Some suggest that poor forest management is the sole culprit. That’s too simplistic, argues Stephanie Pincetl Ph.D. ’85, founding director of the California Center for Sustainable Communities at UCLA. As a professor-in-residence at UCLA’s IoES, she studies how to make cities more sustainable. Climate change is drying out plants and creating more fuel, and further thinning of small trees and controlled burning of underbrush is needed, she says. However, logging — which depends on killing environmentally useful larger trees — misses the mark, she adds.

Los Angeles Timesinteractive fire map has been tracking California’s 9,279 fires.

“If you’re just logging indiscriminately, you’re not really thinking about forest health,” she says. “You want to manage that forest to mitigate the dangers of forest fires, which means you’re thinning, you’re doing controlled burning, and you’re encouraging the growth of trees that will be big and healthy over the longer run. … You want trees that grow to 100, 150, 200, 250 years for their full ability to sequester carbon.”

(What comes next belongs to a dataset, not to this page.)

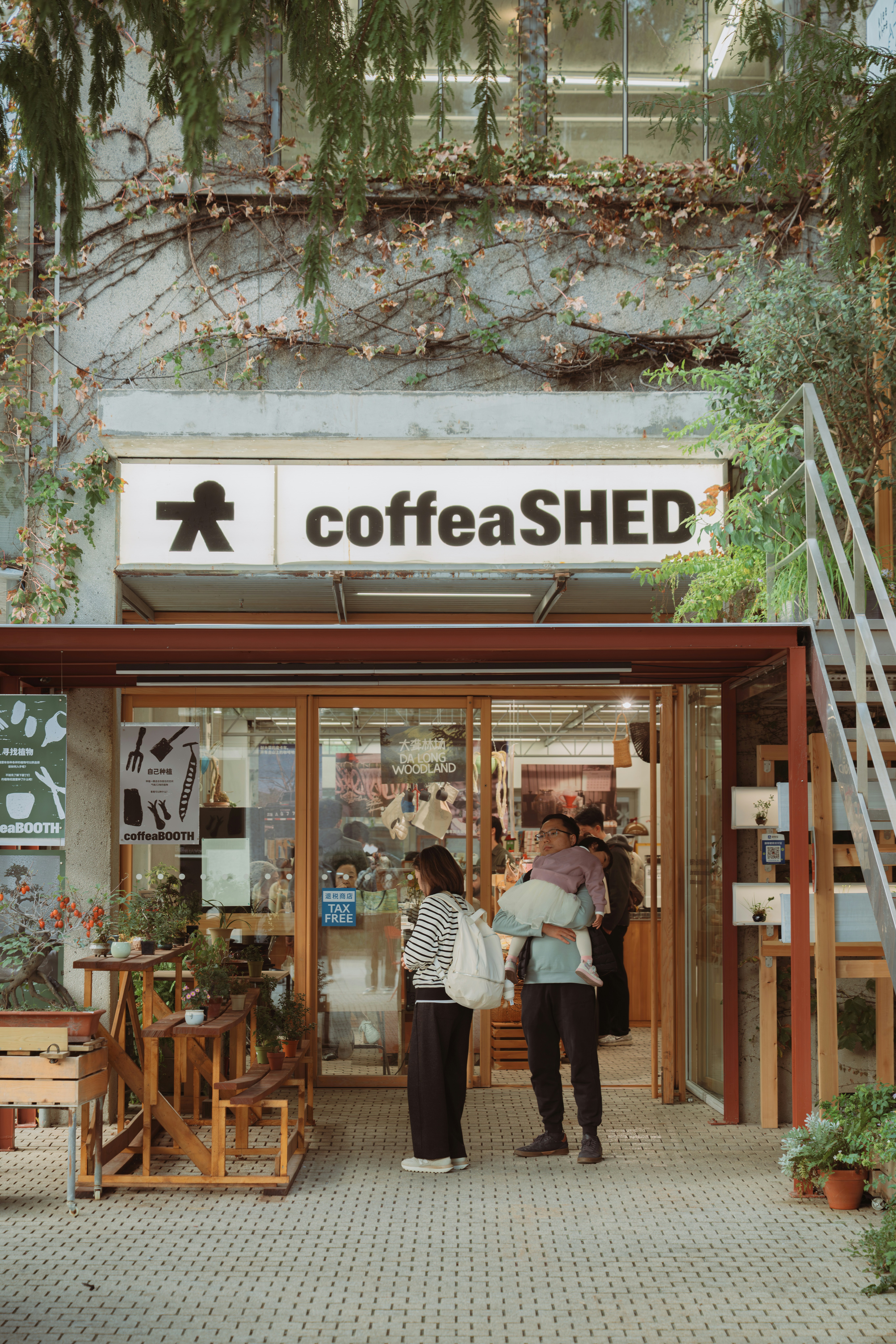 Des gens entrant dans un café avec des plantes dehors.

As the new year approaches, dry and gusty conditions could result in elevated concerns in parts of Southern California, which may see more fires. The Santa Ana winds and Santa Barbara’s sundowner winds — blamed for the Thomas fire — howled well beyond early fall, blowing through Halloween this year. The Silverado fire near Irvine, which caused mandatory evacuations in an area that has rarely burned, started the last week of October and burned ferociously into early November.

Wildfires are here to stay

The conditions that give rise to wildfires are being exacerbated by climate change, and those conditions will continue to deteriorate in the future — a prospect that has drawn the attention of researchers and policymakers. For UCLA researchers, the race continues to provide information to government agencies, policymakers and the public that can help limit the devastation.

UCLA climate scientists Alex Hall, Daniel Swain and J. David Neelin have used climate models to project how California rainfall patterns will change, showing heavier storms during wet years and even less precipitation during dry years. The warmer the atmosphere becomes, the more water vapor it can hold at once, keeping water vapor aloft for long stretches of drought before a torrential release. The trio explained that this increasing “precipitation whiplash” could cause more winter floods and larger surges in plant growth, which is destined to crisp when deeper droughts occur.

This would create the same tinderbox conditions that have contributed to recent wildfires, says Swain, who hopes the trio’s 2018 research will be used by California’s disaster preparedness experts to plan ahead. In June 2020, Swain and colleagues released new climate-model research that shows climate change has already doubled extreme fire–weather days. Future increases will be even greater, but Swain noted that those could be mitigated by a reduction in greenhouse gas emissions. When California was filled with hundreds of wildfires, lightning strikes and fire tornadoes in August, Swain’s Twitter feed — popular with climate scientists and journalists alike — featured the pinned tweet, “This *gesturing wildly and in every direction* is utterly exhausting.”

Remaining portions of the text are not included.